Subgroups of $S_n$ with exactly one fixed point for each element all have the same fixed point.
Solution 1:
Apply Burnside's Lemma:
Consider the action of $G$ over $[n]$. The number of orbits is
$$|[n]/G|=\sum_{g\in G}\frac{[n]^g}{|G|}$$
where $[n]^g=\{k\in[n]:g(k)=k\}$.
The hypothesis says that $|[n]^g|=1$ for all $g\neq e$. Moreover, $[n]^e=[n]$. Then $$|[n]/G|=\frac n{|G|}+\sum_{g\in G,g\neq e}\frac{1}{|G|}=\frac{|G|+n-1}{|G|}>1$$ This means two things:
- There are at least two orbits.
- $|G|$ divides $n-1$, say $k|G|+1=n$. Note that the number of orbits is $k+1$.

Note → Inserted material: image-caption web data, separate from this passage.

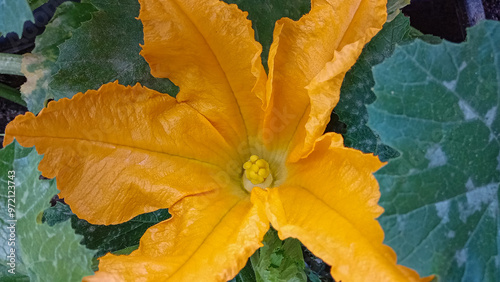 Large yellow-orange flower of pumpkin, courgette and green leaves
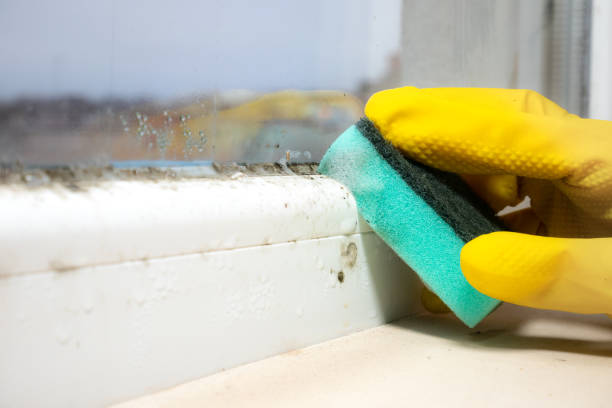 Best Residential Mold Remediation in Long Prairie, MN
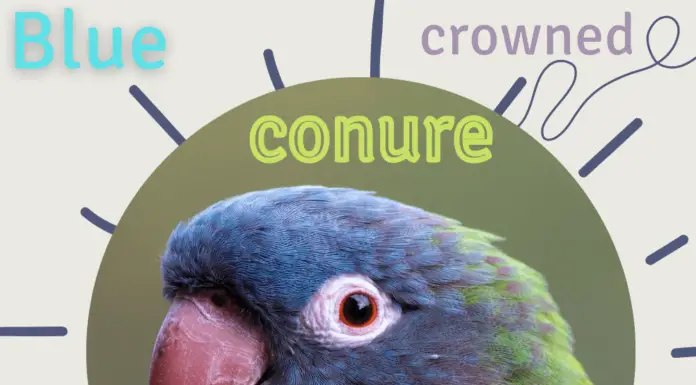 Blue crowned conure
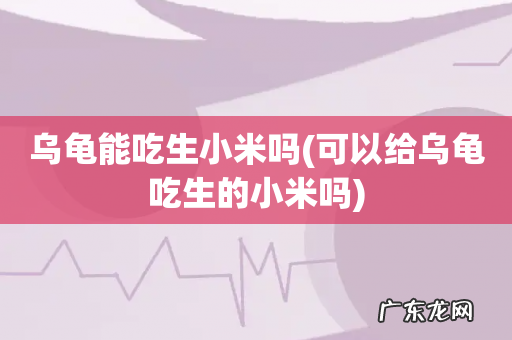 可以给乌龟吃生的小米吗 乌龟能吃生小米吗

Now, $n$ is the sum of the cardinals of the orbits. Moreover, there is a stabilizer subgroup $I_x$ associated to each orbit $O_x$, and $|G|=|I_x|\cdot|O_x|$. This yields $$n=\sum\frac{|G|}{|I_x|}$$ where the sum spans the set of orbits and hence, it has $k+1$ terms. It also can be written: $$\frac n{(k+1)|G|}=\frac1{k+1}\sum\frac1{|I_x|}$$
We see that LHS is near from $1$, so there must be many terms in the sum at RHS that are $1$. Let's see how many.

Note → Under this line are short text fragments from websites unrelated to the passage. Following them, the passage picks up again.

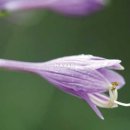 보떼아트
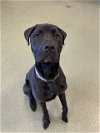 adoptable Dog in , MO named MARVEL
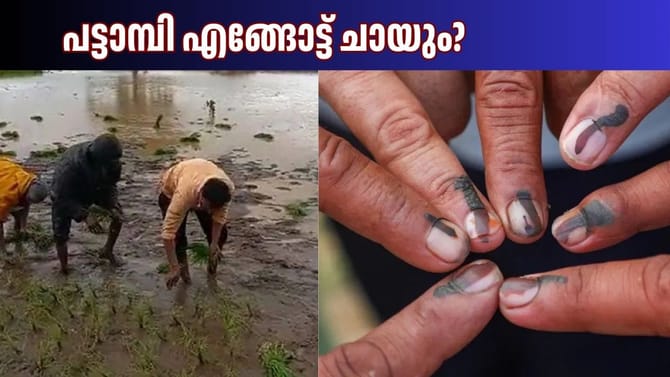 പാലക്കാടിന്റെ നെല്ലറയുടെ ഭരണം ആരുടെ കയ്യിലെത്തും?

For that, let's apply the following:
Lemma. If $a_1,\ldots,a_s$ are positive integers and exactly $r$ of them are $1$, then $$\frac1s\sum_{j=1}^s\frac1{a_j}\le\frac{s+r}{2s}$$
Proof: $$\frac1s\sum_{j=1}^s\frac1{a_j}\le\frac rs+\sum_{j=1}^{s-r}\frac1{2s}=\frac{s+r}{2s}$$
So let $r$ be the number of orbits of size $|G|$ (that is, the number of stabilizers of size $1$). Then $$\frac n{(k+1)|G|}\le \frac{k+1+r}{2k+2}$$
Solving for $r$ gives $$r\ge\frac{2n}{|G|}-(k+1)=k-1+\frac2{|G|}$$ which leads to $$r\ge k$$
Since $r$ is the number of orbits of size $|G|$, $r\le k+1$, but $r\neq k+1$ since $(k+1)|G|>k|G|+1=n$, so $r=k$.

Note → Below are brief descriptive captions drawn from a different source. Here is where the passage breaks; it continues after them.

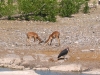 Etosha 2 189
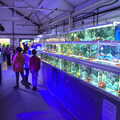 2022 More tanks of fish in blue light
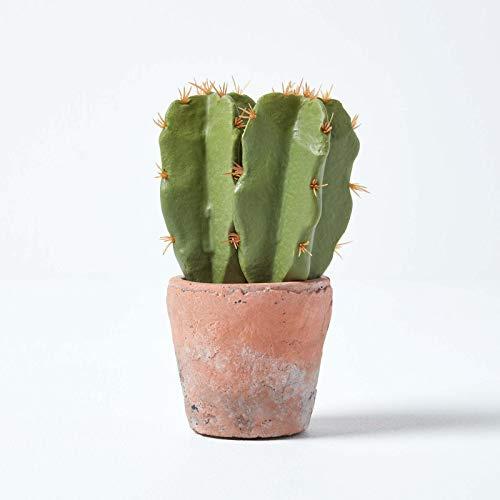 HOMESCAPES Petit Cactus Artificiel en Pot en Terracotta, 17 cm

To sum up, there are $k$ orbits of size $|G|$. The size of the other orbit is $$n-k|G|=1$$ which completes the proof.
Solution 2:
Your claim is not true. For example, consider the subgroup $G < S_5$ generated by $(123)$ and $(12)(45)$, which is isomorphic to $S_3$. Here every element of $G$ fixes a point but there is no common fixed point for $G$.